TASK DETAILS: Could you reproduce, from the records below, everything from the line with "Loloi Pasadena Pas-01 Aqua Rug." down to the line with "Dieselpartikelfilter for VW", keeping both of those lines and changing nothing?

DATA TO PROCESS:
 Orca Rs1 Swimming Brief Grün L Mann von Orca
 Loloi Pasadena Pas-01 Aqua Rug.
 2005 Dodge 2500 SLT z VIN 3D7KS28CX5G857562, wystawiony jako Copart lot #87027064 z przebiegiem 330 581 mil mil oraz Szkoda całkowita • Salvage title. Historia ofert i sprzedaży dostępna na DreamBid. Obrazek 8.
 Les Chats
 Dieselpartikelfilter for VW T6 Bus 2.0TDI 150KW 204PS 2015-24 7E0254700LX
==
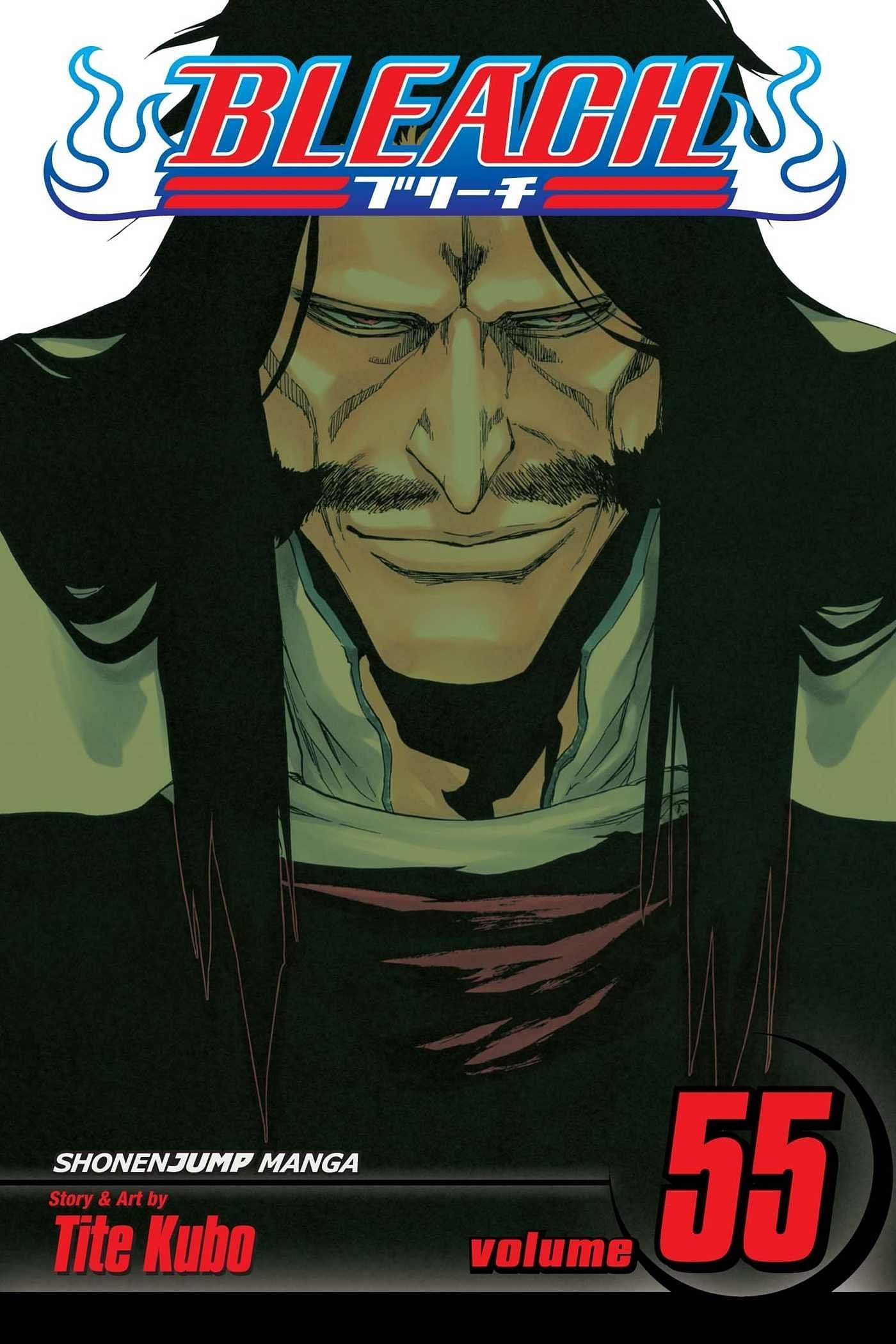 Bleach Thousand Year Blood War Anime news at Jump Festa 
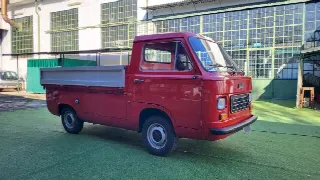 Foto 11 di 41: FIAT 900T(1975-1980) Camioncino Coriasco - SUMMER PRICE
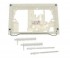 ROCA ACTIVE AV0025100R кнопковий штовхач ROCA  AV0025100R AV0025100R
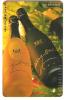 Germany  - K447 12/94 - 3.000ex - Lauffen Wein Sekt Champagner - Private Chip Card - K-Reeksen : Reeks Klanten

ANSWER TO THIS TASK:
 Loloi Pasadena Pas-01 Aqua Rug.
 2005 Dodge 2500 SLT z VIN 3D7KS28CX5G857562, wystawiony jako Copart lot #87027064 z przebiegiem 330 581 mil mil oraz Szkoda całkowita • Salvage title. Historia ofert i sprzedaży dostępna na DreamBid. Obrazek 8.
 Les Chats
 Dieselpartikelfilter for VW T6 Bus 2.0TDI 150KW 204PS 2015-24 7E0254700LX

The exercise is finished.